Metto subito da parte la mia rituale quanto puntuale lamentela sull’inglese cantato da noi italiani. E qui a dire il vero il mix di voce penalizza assai l’intelligibilità in luogo di un’estetica decisamente affascinante. Anche la voce diviene strumento, portata verso derive di suono poco affini con il suo scopo primario che è quello di comunicarci cose e parole. Si pensi al lavoro dei Lambchop di Kurt Wagner: qui la voce viene alterata, deformata, lasciata nella buccia della comprensione, ne resta poco ma quanto basta per riconoscerne il peso. E forse, una pronuncia non bellissima, ma questi sono problemi miei.
Gli Obici sono Francesco Armani e Maurizio Viviani che mi portano all’ascolto di questo “Solipsistic Horizon”, una immersione nel solitario di ognuno, nelle visioni di vita quotidiane, nelle dinamiche ordinarie di condizioni omologate.

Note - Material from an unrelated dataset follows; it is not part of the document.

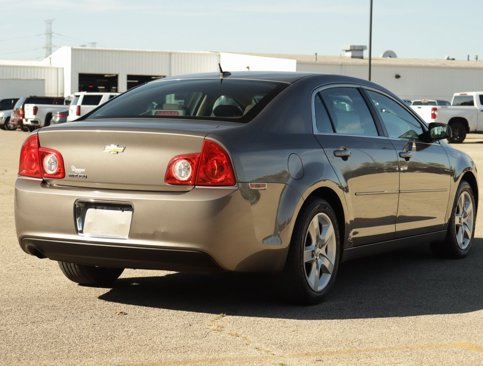 Used 2010 Chevrolet Malibu LS image 7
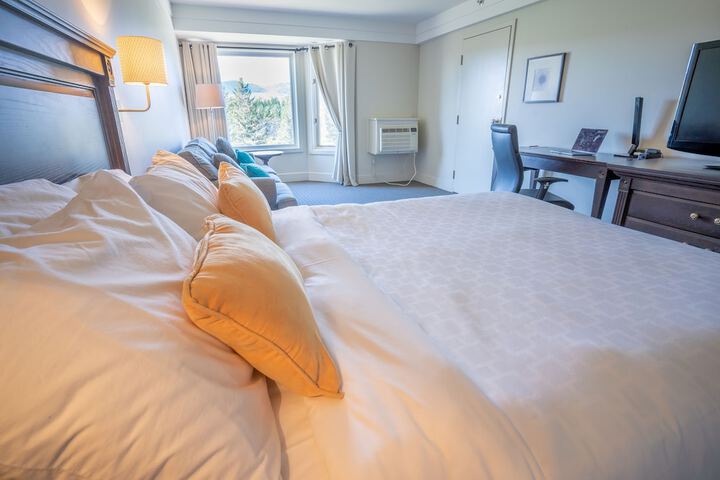 1 Queen Bed (4 of 19)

Dalle acidità pop alla R.E.M. di “Cushing the Stone” fino a richiami industriali di colori new wave alla Phil Collins dentro “You Failed”, dalle distorsioni fuzzy di “The Falling Pieces” alle trovate quasi esotiche, poliziesche, anni ’70 di “Exitinct Pride”. E poi svetta (e non a caso è l’unico brano in italiano) “Catafalco”: la vera perla post rock dalle aperture in maggiore decisamente “pop” condite con ostinati di chitarre che ci parlano di futuro. E l’equilibrio estetico di tutto ha una misura decisamente diversa. E questa voce che molto ricorda i Subsonica nel modo di starci dentro è il vero punto di forza di un disco che poteva essere tutto secondo questi dettami.
Bella prova d’arte e di ricerca questo “Solipsistic Horizon”, niente di nuovo sotto al sole della musica italiana e viste le carte in gioco avrebbe certamente potuto azzardare oltre. Di sicuro portiamo a casa qualcosa di prezioso contro il solito circo omologato della indie italiana.